The sun sets on a courthouse

Yes, the Supreme Court’s recent decision in West Virginia v. EPA was a big deal. But how big a deal was it really?

The holding of the case is simple. The Environmental Protection Agency (EPA) had set limits on greenhouse gas emissions from power plants based on what could be achieved through “generation shifting”—the longstanding practice companies use to comply with emissions standards that involves buying credits from renewable sources or shifting generation from coal to gas, or gas to renewables. The Court held that setting limits like this was illegal. To get there, the Court first framed EPA’s rule as a decision about “how much coal-based generation there should be over the coming decades.” The Court then held that this sort of decision is such a “major question” that it requires a clear statement from Congress granting EPA the authority to decide the question. And the Court found the Clean Air Act had not clearly given EPA that authority.
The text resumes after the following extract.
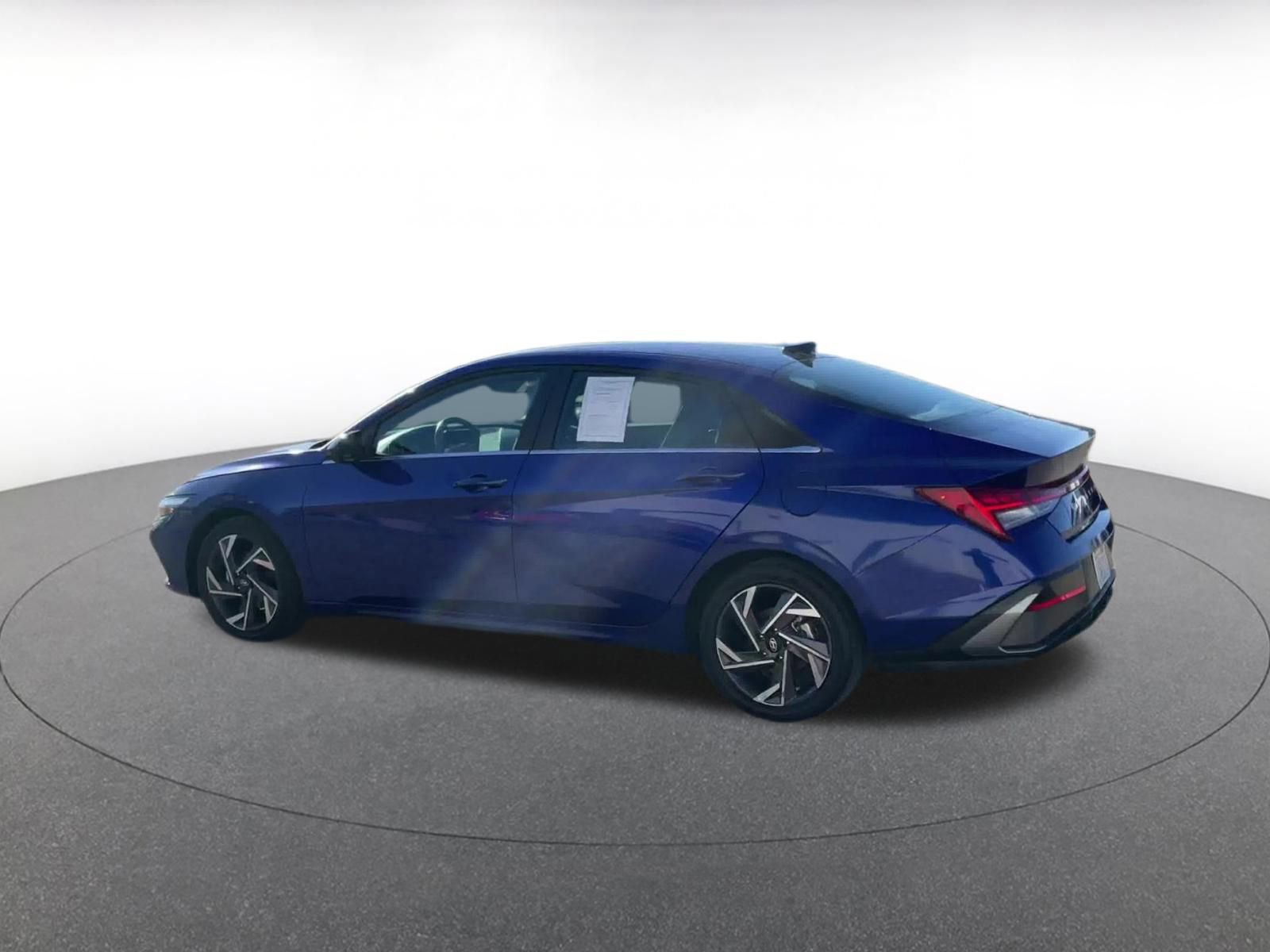 Thumbnail: 2025 Hyundai Elantra - 9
But what does this really mean for EPA’s climate policies and regulatory authority? In the ultimate decision, the Court did not tell EPA how it must interpret the Clean Air Act—beyond telling EPA it could not set the limits based on generation shifting. In that sense, this was the best win the agency could hope for. The agency had not finalized any new rule to moot out the case, and the truth is that EPA had little hope of convincing the Supreme Court that it was authorized to use “generation shifting” to set the standards under a new rule.
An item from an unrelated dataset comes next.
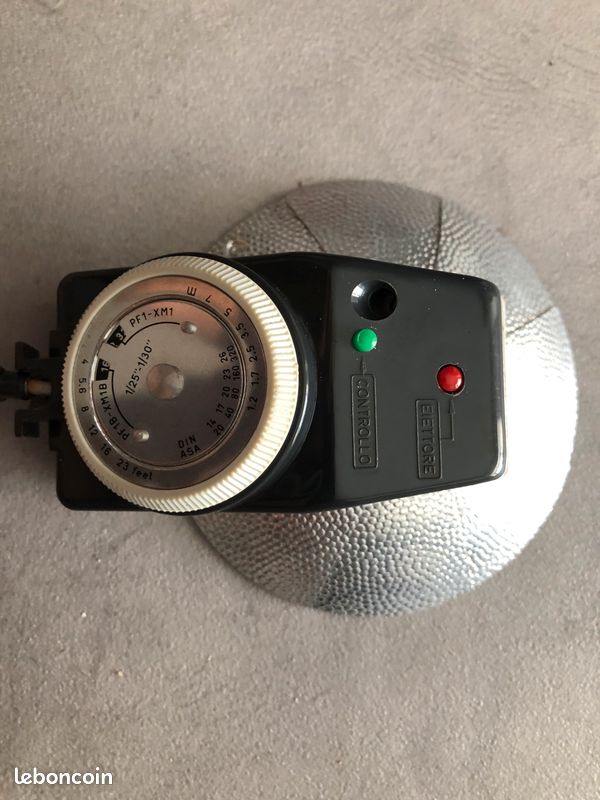 FERRANIA FLASHE ANCIEN MICRODUE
Instead, EPA has prioritized other rules: focusing on methane emissions and greenhouse gas emissions from cars. And there is so much to do on other fronts. There is offshore wind to build (see this recent White House factsheet about executive actions on offshore wind) and there are other rules that EPA is working on and can continue to work on, some listed in a post by Earthjustice and Evergreen Action. States are pushing clean energy forward, as described in a U.S. Climate Alliance factsheet. There are numerous grassroots and community-based initiatives to push forward too, some listed in a recent Greenlining Institute report.

To be sure, the Court adopted the “major questions” doctrine to outlaw generation shifting and it can use the doctrine in the future to overrule any agency action it can plausibly define as a question of vast “economic and political significance.” But that doctrine is not actually that new; it has been percolating for years.
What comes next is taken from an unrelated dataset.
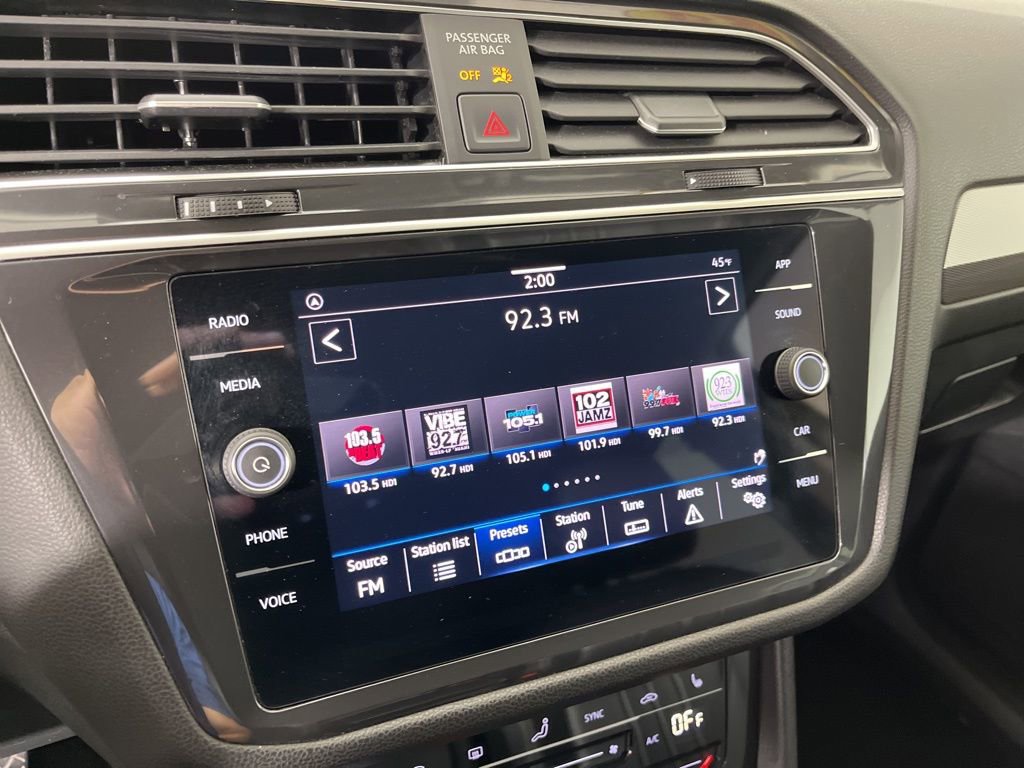 Used 2024 Volkswagen Tiguan SE image 30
The Center recently held a conversation with the state lawyers who litigated this case. West Virginia’s Solicitor General explained that Congress, not EPA, should decide questions that will have a significant economic impact on states like hers. States on the other side of the case argued coal-based generation declined across the board even without an EPA regulation (see recent charts on US fossil fuel consumption compiled by the U.S. Energy Information Administration for example). And that climate change is having its own significant impact on states. Congress has already decided that pollution that threatens the health and welfare of people should be regulated. There are sure to be more agency rules coming down the line and states will continue to duke it out.